Vorbei am Lago del Claus sollen es bis zum Rifugio Emilio Questa nur noch 10 Minuten für den Bergwanderer sein, aber eins haben wir inzwischen gelernt, diese Zeitangaben auf den Wegweisern gelten eher für Hochleistungssportler, aber nicht für gewöhnliche Bergfreunde und für uns schon gleich gar nicht. Aber schön zu wissen, dass es nicht mehr allzu lange dauern wird, bis wir uns mit einem frischen, kühlen Bier zuprosten können.

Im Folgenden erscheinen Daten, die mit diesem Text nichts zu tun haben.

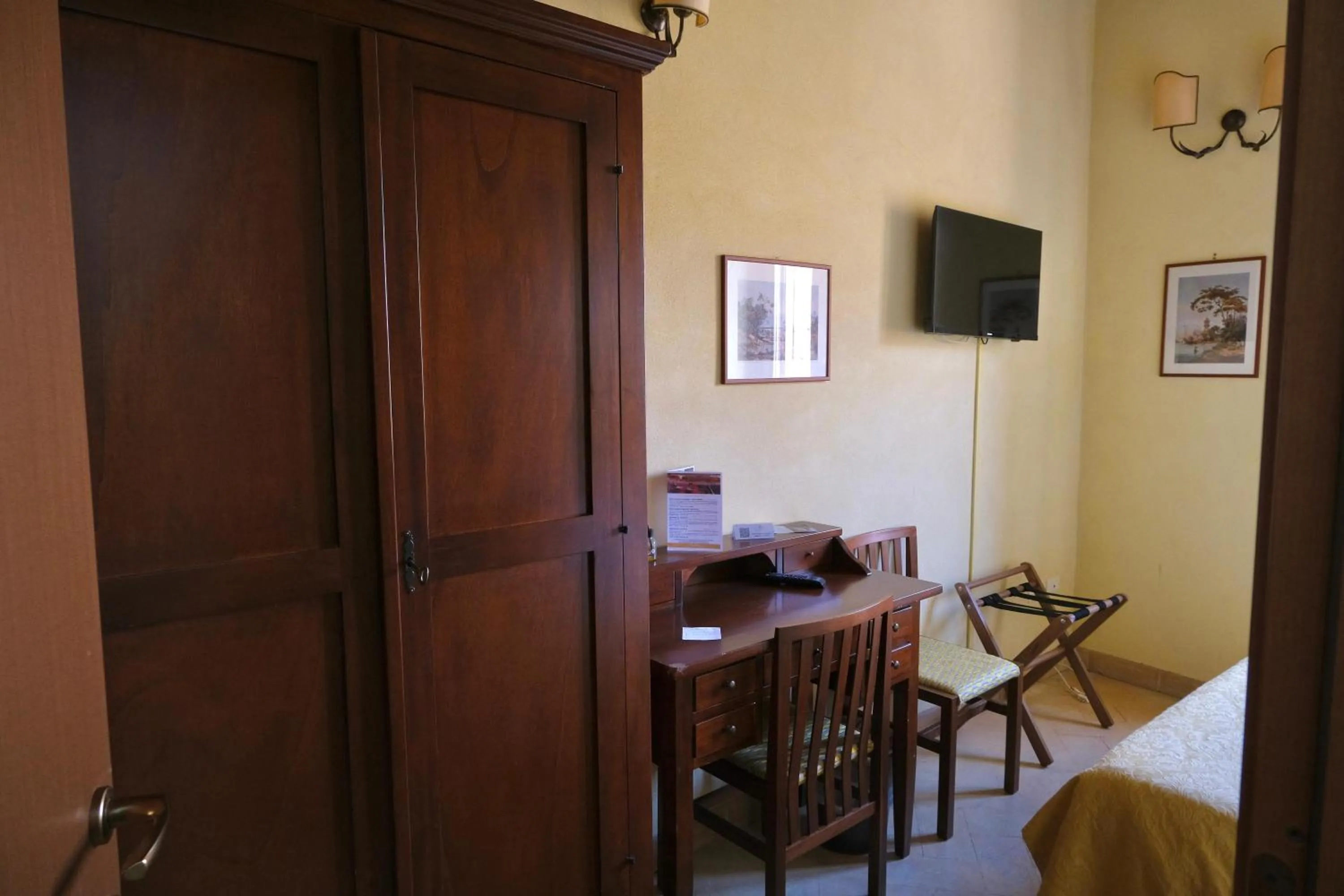 wardrobe in Relais Borgo Campello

Als wir oben am Rifugio Emilia Questa ankommen sind wir nicht die einzigen, die es hier hoch geschafft haben, aber wir sind die einzigen Bikepacker und jetzt mit breitem Grinsen im Gesicht. Und der Blick von der Hütte auf den Lago delle Portette allein ist Entlohnung genug. Wie heißt es so schön? No pain, no gain. Wir sind total „overgained“.
Und als alle anderen die Hütte schon verlassen haben, grinst Erich immer noch, still und heimlich in sich hinein.
Der Weg zurück ins Tal sieht von oben total easy aus, ist es aber nicht.
Das Video:
Wir Glücklichen haben die Tour sturzfrei bis zu unserem rollenden Hotel geschafft. Ohne E-Bike, ohne Viagra aber mit Helmet.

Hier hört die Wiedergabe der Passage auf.